On energy and data delivery in wireless local area networks with RF charging nodes
RIS ID
127512
Abstract
Wireless charging is now a reality. Low-power devices with sensing capabilities deployed within a building for example can now be powered wirelessly via Radio Frequency (RF) transmissions from existing Access Points (APs) that form a Wireless Local Area Network (WLAN). However, an AP cannot transmit frequently to charge devices as it may starve other nearby APs operating on the same channel. Consequently, there is a need to schedule the transmissions of APs to ensure their data queues remain short whilst charging energy-harvesting devices. We present a finite-horizon Markov Decision Process (MDP) to capture the queue states at APs and also channel conditions to nodes. The reward to be optimized is the amount of delivered energy and data. We investigate the following queue selection rules: max weight, max queue, best channel state and random.

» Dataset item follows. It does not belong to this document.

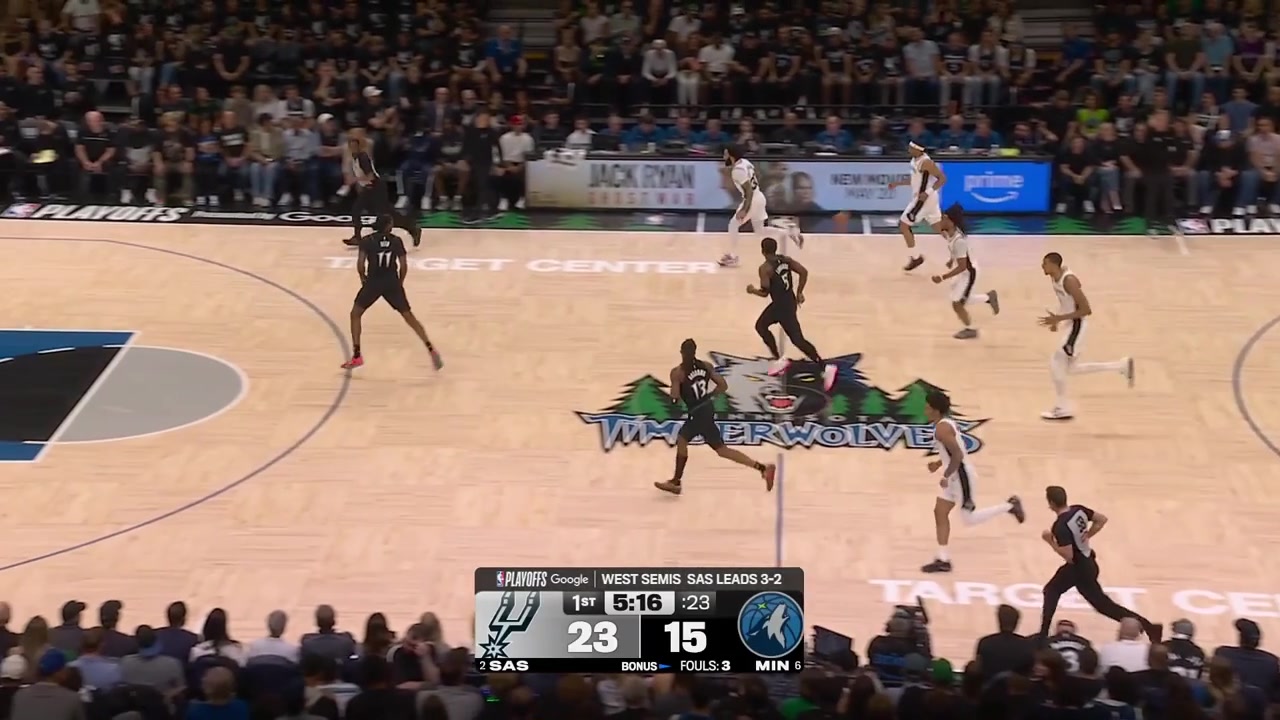 Keldon Johnson lobs it to Victor Wembanyama in the paint who easily taps it in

Our results show that APs that select the best queue in each time slot according to the max weight rule yields a transmission schedule that has the best reward; i.e., highest delivered packets and energy. Moreover, the obtained reward has the smallest gap to the optimal/exact reward.
Publication Details
K. Chin, "On energy and data delivery in wireless local area networks with RF charging nodes," in 27th International Telecommunication Networks and Applications Conference, ITNAC 2017, 2017, pp. 1-7.